# 9 Foot Long Dining Table - 6 legs needed?



## MRogers (Sep 5, 2012)

Hello all, thanks for reading. I'm building something of a farmhouse style table for my family. We currently have 7 children (3 bio and 4 foster/adopt) so with 9 currently at the table my wife would like seating for 12. My plan is to seat 4 down each side and 2 on the ends and I think a 9'x4' table will do the job. I am making it from construction grade lumber, using 2×10 or 2×12 for the top. I will cut the rounded edges off and plan to use a biscuit joiner and biscuits, glue, and clamp it together. Looking into getting cauls to keep it flat and will hand plane the joints and sand the whole top prior to staining and waxing. We've had a pine table for 10 years so marks/nicks/dings aren't a concern (I would rather the babies ding cheaper pine than expensive hardwood).

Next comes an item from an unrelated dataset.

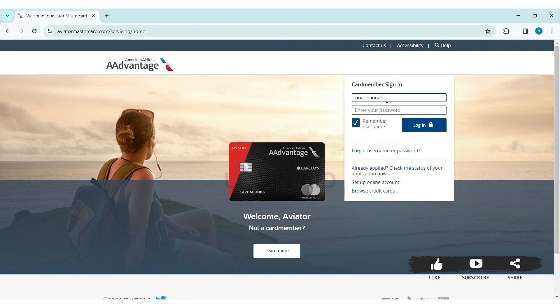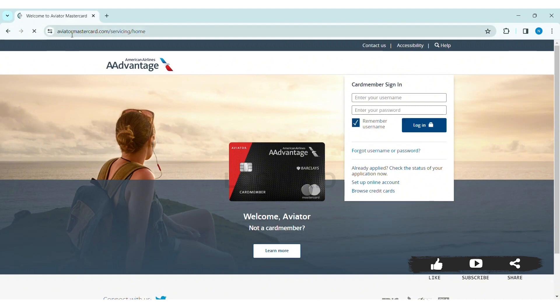Now, first you need to add your username, then add your correct password. If you forgot your username or password, click on 'Forgot username or password.' Then click on Login. This is how you can log in to your Aviator Mastercard account on your PC.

My concerns/questions are in regards to the strength of a 2×4 for the apron when holding up a top of this length and weight. Fearing it may eventually bow I'm wondering if I need to make this table with 6 legs, or have even considered just adding a 5th leg in the very center. Thoughts?


----------



## crank49 (Apr 7, 2010)

I would use 2×6 for apron, even if I rip it down to 4 or 5 inches, because the quality of the 2×6 lumber is much better. I suspect because these are often used for rafters. But, that's just my opinion..

I have been looking into building a 10 seater myself, 42" x 102".
Been torn between a Stickley #622 style, which is a trestle style table and a farm type with aprons.
If I settle on the farm house style I plan to put a 5th leg in the center.

For a 4ft wide top you might have a problem with expansion. Will probably need some sort of floating breadboard ends to keep from splitting the top.


----------



## Surfside (Jun 13, 2012)

Make sure you're using a hard wood for the table base.


----------



## MRogers (Sep 5, 2012)

Thanks so much for the response. I'll look into the 2×6 aprons but will rip them down, but a curved end might be pleasing to the eye.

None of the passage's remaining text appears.